Tous les samedis dans l'émission Mediapolis, Claire Hazan revient sur l'actualité et la politique par le prisme des réseaux sociaux.
Après l’attentat de Londres, Donald Trump s’est à nouveau illustré sur Twitter. Contre le terrorisme, il réclame un décret anti-immigration aux Etats-Unis, décret controversé, qui interdirait l’entrée du territoire américain aux ressortissants de 6 pays musulmans.
Ses tweets sans filtre ont fait beaucoup de bruit, comme d’habitude, mais pour une fois cela pourrait bien le desservir.
Bref rappel sur ce décret, rappelez-vous, Trump l’a émis en janvier dernier mais n’a jamais pu réellement l’appliquer. Le décret a été bloqué par la justice américaine, qui l’a jugé anticonstitutionnel. La Maison Blanche a donc retravaillé une seconde version, plus light, qu’elle espère faire valider et pour laquelle elle a saisi la Cour Suprême.
Pour Donald Trump, les attentats de Londres survenus samedi dernier sont la parfaite occasion de marteler l’urgence de cette mesure.
Sur Twitter, avant même d’exprimer son soutien au peuple anglais, comme l’ont fait tous les chefs d’état, il a d’abord exprimé son soutien à… sa propre mesure. Peu après le drame, il a écrit « Il faut arrêter d’être politiquement correct et rétablir le « travel ban ». « Travel ban » - interdiction de voyager-il l’écrit en majuscules et le revendique 5 ou 6 fois, dans une salve de tweets enflammés dont il est coutumier.

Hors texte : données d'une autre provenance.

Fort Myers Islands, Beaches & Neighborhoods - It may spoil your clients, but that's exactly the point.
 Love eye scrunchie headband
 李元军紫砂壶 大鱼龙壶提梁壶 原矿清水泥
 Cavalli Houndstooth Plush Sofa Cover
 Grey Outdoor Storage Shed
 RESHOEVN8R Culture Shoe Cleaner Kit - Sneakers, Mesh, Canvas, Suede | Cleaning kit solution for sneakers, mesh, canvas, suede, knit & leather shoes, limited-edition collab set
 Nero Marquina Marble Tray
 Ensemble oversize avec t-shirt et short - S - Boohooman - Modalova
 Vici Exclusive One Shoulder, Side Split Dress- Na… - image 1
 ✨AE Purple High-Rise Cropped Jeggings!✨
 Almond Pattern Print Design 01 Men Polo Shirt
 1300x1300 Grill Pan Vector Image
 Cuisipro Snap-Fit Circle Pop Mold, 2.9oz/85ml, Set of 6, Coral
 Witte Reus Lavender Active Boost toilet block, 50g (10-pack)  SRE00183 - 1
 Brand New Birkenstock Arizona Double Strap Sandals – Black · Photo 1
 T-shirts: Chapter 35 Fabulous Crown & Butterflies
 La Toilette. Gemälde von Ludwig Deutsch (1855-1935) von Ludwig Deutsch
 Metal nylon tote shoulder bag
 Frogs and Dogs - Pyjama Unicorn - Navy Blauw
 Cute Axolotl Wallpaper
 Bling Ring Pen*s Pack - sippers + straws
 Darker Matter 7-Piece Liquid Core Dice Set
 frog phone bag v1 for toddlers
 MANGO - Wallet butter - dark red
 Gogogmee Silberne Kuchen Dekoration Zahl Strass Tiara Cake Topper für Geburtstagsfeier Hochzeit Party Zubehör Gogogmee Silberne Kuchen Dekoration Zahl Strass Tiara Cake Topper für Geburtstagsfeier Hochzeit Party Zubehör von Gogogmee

Seul souci, « l’interdiction de voyager », quand elle vise une communauté religieuse, c’est précisément ce qui rend le décret de Trump anticonstitutionnel. C’était LE mot à ne pas prononcer. Cela fait des mois que ses conseillers, ses juristes s’échinent à démontrer dans les médias qu’il ne s’agit SURTOUT PAS d’une interdiction, mais d’une « pause momentanée de l’immigration ». Il n’y a pas « travel ban ».
En quelques tweets, le Président américain vient donc de saboter tout l’argumentaire juridique déployé par la Maison Blanche depuis des mois pour faire passer cette mesure au risque d’enterrer son propre décret.
Pourquoi fait-il cela ? Comme souvent avec Donald Trump on ne sait pas trop s’il est victime de son impulsivité ou s’il y a une forme de stratégie derrière…
Il applique sa méthode habituelle. Quand il prend la parole sur Twitter, on peut avoir l’impression qu’il s’adresse à quelqu’un de précis : ici à la justice américaine ou à son propre camp. Mais en réalité sur Twitter il parle toujours aux mêmes : à sa base électorale, à celle qui a envie de croire à un Trump tout puissant, capable d’imposer une interdiction pure et dure, y compris en allant contre son propre camps.
Jusqu’ici cette méthode lui a réussi. Mais cette fois-ci, pour la première fois, il vient peut-être de se tirer un tweet dans le pied.
Ce tweet, celui qui appelle le ban « un ban », ses opposants ont déjà signifié qu’ils n’hésiteraient pas à s’en servir pour le combattre devant la Cour Suprême.